„Za nogi wyciągnęli go z piwnicy i pijanego zostawili na parkingu”

„Za nogi wyciągnęli go z piwnicy i pijanego zostawili na parkingu”

Dodano:   /  Zmieniono: 
„Za nogi wyciągnęli go z piwnicy i pijanego zostawili na parkingu” (fot. sxc.hu)Źródło:FreeImages.com
W Świdnicy w nocy z 6 na 7 lutego patrol straży miejskiej natrafił na parkingu na nieprzytomnego i wyziębionego mężczyznę. 20-latek w ciężkim stanie trafił do szpitala. Miał 4 promile alkoholu we krwi. Okazało się, że został tam zostawiony przez swoich pijanych kolegów. Dwaj mężczyźni trafili już do aresztu – informuje TVN 24.
– Trzej młodzi świdniczanie pili alkohol. Najpierw w lokalu, później przenieśli się do piwnicy w swoim domu. W pewnym momencie kontakt z najmłodszym z nich się urwał – powiedziała Ewa Ścierzyńska z Prokuratury Okręgowej w Świdnicy. – Koledzy postanowili zabawić się jego kosztem. Jego twarz oblali farbą i za nogi wyciągnęli go z piwnicy na dwór. Zostawili na pobliskim parkingu. Jak później tłumaczyli, cały czas go jednak obserwowali – dodała.

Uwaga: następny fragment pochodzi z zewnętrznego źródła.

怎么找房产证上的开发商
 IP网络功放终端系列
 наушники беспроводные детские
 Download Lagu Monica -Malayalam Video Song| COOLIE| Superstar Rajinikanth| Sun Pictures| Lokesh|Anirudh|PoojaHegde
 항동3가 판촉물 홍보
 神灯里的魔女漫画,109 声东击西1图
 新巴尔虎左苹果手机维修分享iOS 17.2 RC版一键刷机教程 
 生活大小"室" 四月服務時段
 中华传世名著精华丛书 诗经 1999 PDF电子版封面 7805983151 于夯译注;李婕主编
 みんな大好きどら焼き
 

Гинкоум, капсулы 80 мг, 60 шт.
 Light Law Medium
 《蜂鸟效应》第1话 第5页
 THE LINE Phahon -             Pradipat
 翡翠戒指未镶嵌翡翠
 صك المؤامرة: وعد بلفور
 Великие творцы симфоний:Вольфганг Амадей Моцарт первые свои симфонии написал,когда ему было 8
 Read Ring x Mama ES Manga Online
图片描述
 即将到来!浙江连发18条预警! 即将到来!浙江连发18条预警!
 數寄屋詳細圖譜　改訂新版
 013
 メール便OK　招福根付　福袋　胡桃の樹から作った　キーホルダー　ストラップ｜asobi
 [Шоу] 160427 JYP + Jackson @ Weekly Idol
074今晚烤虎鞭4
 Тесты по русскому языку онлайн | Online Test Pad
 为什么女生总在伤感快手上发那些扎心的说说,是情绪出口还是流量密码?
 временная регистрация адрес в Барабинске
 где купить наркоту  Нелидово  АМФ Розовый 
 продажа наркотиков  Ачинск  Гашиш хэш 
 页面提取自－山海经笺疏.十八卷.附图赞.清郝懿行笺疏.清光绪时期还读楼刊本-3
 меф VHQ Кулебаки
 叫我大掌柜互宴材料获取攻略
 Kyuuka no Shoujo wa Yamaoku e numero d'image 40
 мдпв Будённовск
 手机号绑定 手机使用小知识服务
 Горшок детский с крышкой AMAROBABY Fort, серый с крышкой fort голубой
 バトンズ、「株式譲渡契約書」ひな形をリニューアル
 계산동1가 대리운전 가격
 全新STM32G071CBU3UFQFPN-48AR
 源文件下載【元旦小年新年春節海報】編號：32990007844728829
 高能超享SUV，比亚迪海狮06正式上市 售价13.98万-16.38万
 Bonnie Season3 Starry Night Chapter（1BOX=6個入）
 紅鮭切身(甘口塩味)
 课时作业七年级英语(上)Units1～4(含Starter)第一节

Nieprzytomnego i wyziębionego 20-latka znaleźli strażnicy miejscy. Odwieźli go do szpitala. – Był w bardzo ciężkim stanie. Farba dostała się do dróg oddechowych, dlatego miał poważne niedotlenienie mózgu – powiedziała Ścierzyńska.

Mateusz T. i Daniel P., koledzy pozostawionego na parkingu 20-latka szybko zostali ujęci. – Przyznali się do winy, ale każdy z nich umniejszał swoją rolę w sprawie. Tłumaczyli, że był to tylko żart – wyjaśniła prokurator. – Sąd zdecydował o trzymiesięcznym areszcie tymczasowym. Teraz mężczyzn czekają również badania psychiatryczne.

Obaj mężczyźni usłyszeli zarzuty. Za umyślne spowodowanie ciężkiego uszczerbku na zdrowiu i nie udzielenie pomocy grozi im do 10 lat więzienia.